■ **Assignment**:
Leaving out all pictures, write out word for word the lines from the one containing "this 925×694 image." to the end of the data below.

Free-text object descriptions
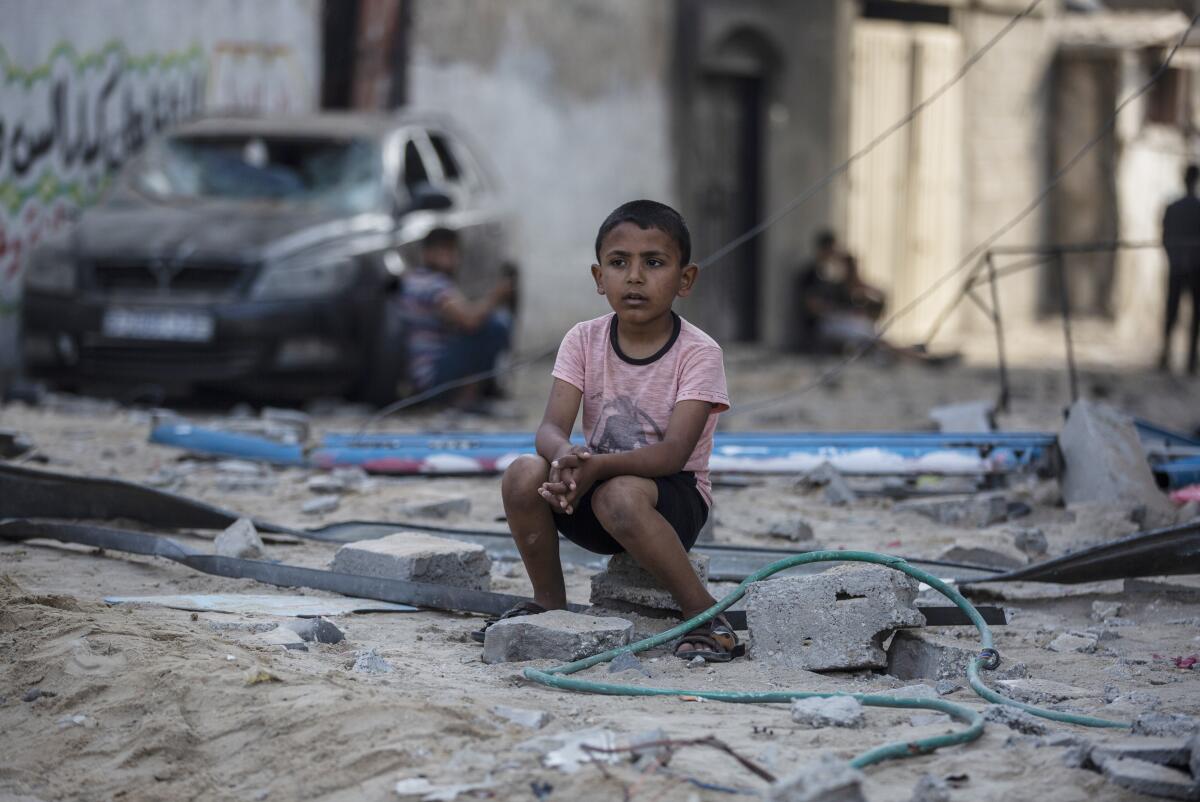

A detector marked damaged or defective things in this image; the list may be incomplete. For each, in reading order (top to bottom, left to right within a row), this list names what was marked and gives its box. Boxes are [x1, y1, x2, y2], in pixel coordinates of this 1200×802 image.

damaged car [19, 111, 506, 406]
broken concrete block [928, 398, 992, 432]
broken concrete block [1056, 398, 1168, 524]
broken concrete block [302, 494, 340, 512]
broken concrete block [392, 494, 472, 520]
broken concrete block [896, 490, 1008, 528]
broken concrete block [213, 520, 264, 556]
broken concrete block [330, 532, 490, 588]
broken concrete block [768, 516, 816, 540]
broken concrete block [936, 536, 1020, 568]
broken concrete block [588, 552, 708, 612]
broken concrete block [288, 620, 346, 644]
broken concrete block [478, 608, 632, 664]
broken concrete block [744, 564, 924, 668]
broken concrete block [884, 628, 1024, 680]
broken concrete block [1048, 632, 1104, 648]
broken concrete block [988, 680, 1096, 704]
broken concrete block [492, 704, 552, 728]
broken concrete block [788, 696, 864, 728]
broken concrete block [984, 704, 1048, 736]
broken concrete block [1136, 712, 1200, 736]
broken concrete block [1096, 736, 1192, 764]
broken concrete block [768, 752, 864, 800]
broken concrete block [904, 768, 952, 800]
broken concrete block [1096, 756, 1200, 800]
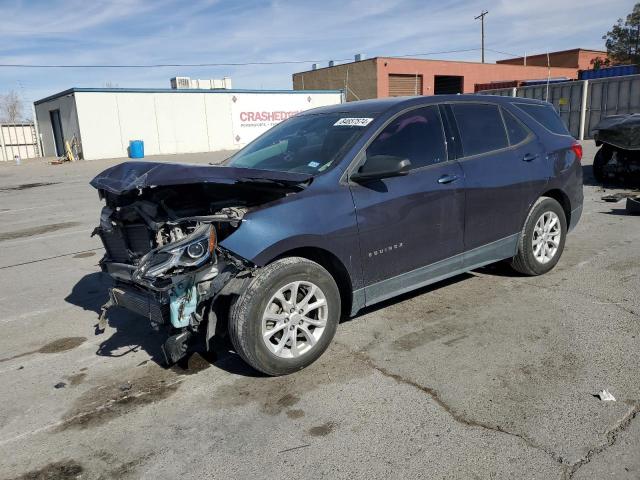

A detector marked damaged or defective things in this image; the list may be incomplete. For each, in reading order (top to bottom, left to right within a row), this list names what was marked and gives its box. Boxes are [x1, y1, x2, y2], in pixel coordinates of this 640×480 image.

cracked headlight [139, 224, 215, 278]
crushed front end [90, 161, 310, 364]
damaged chevrolet equinox [91, 96, 584, 376]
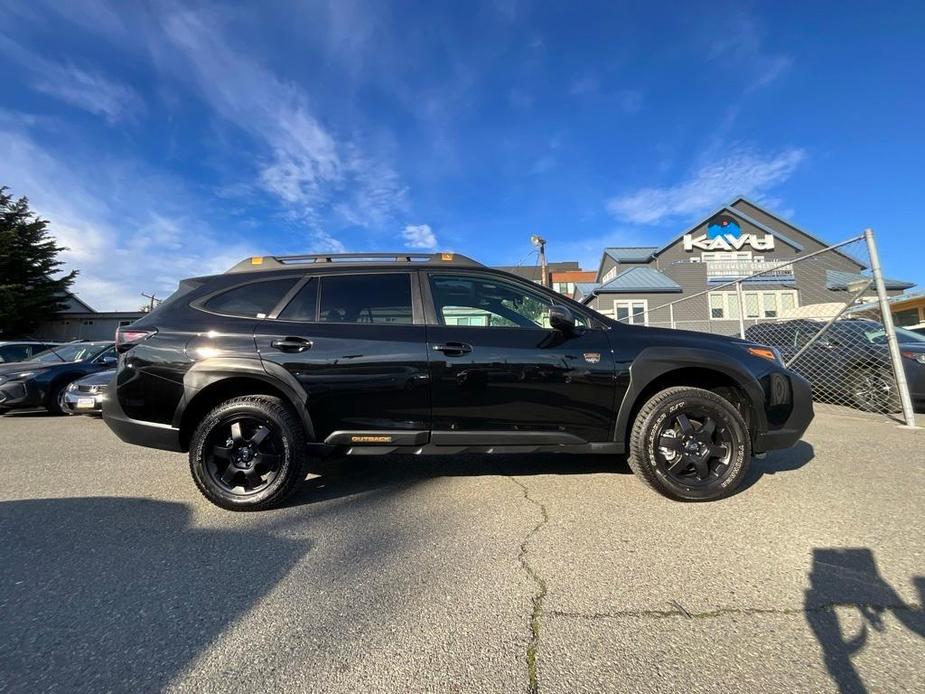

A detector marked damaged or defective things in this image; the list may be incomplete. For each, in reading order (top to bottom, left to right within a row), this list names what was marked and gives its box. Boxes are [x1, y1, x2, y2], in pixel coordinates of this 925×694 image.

crack in asphalt [506, 478, 548, 694]
crack in asphalt [552, 600, 920, 624]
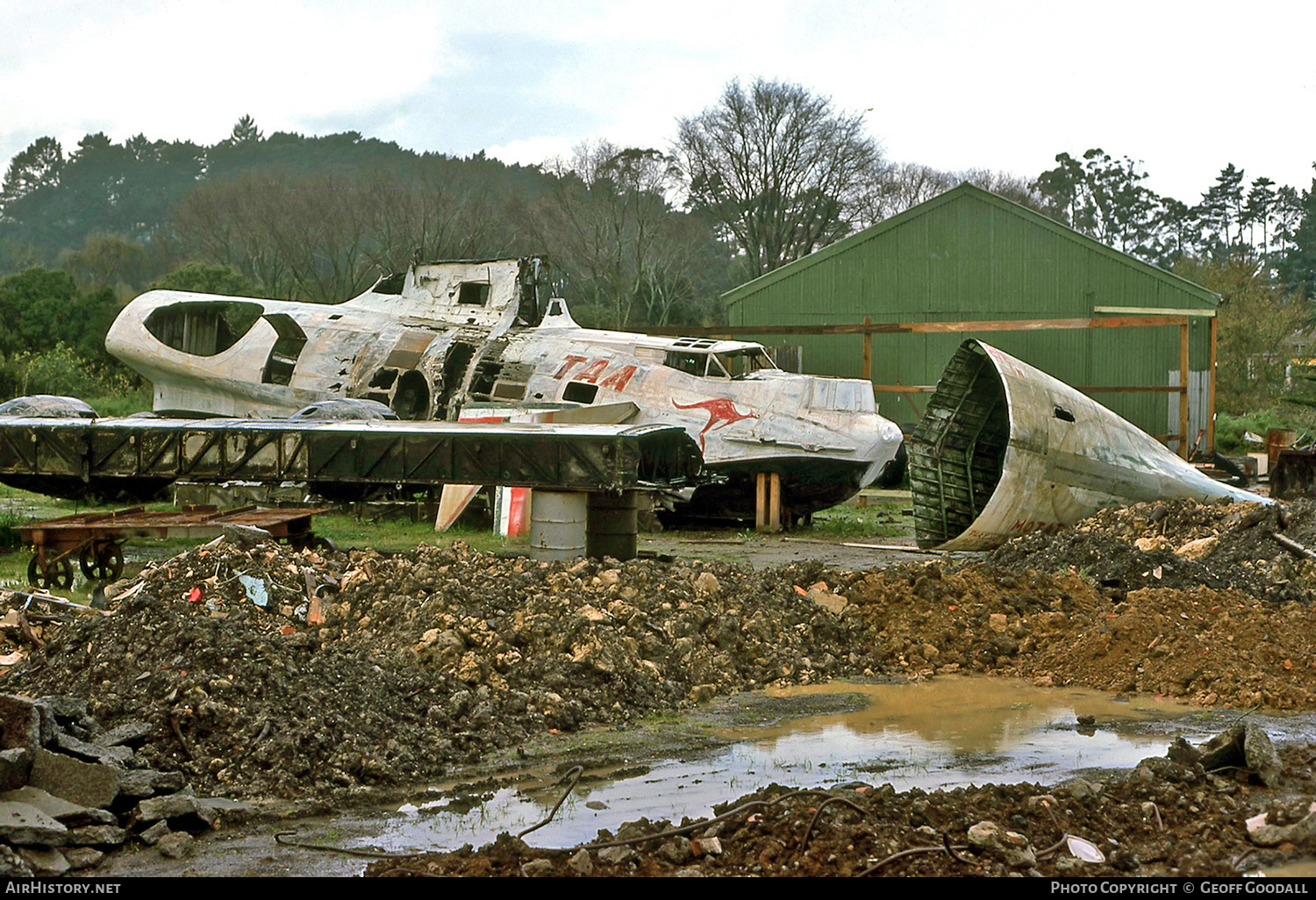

■ **Answer area**:
A detector marked damaged or defective things in this image; the list may be incomplete. For each, in reading order (top to bottom, left to right within a row), this list names what was marked and gives its box. Boxes are [x1, y1, x2, y2], in pixel coordinates of this 925×694 image.

crack in asphalt [506, 478, 548, 694]
crack in asphalt [552, 600, 920, 624]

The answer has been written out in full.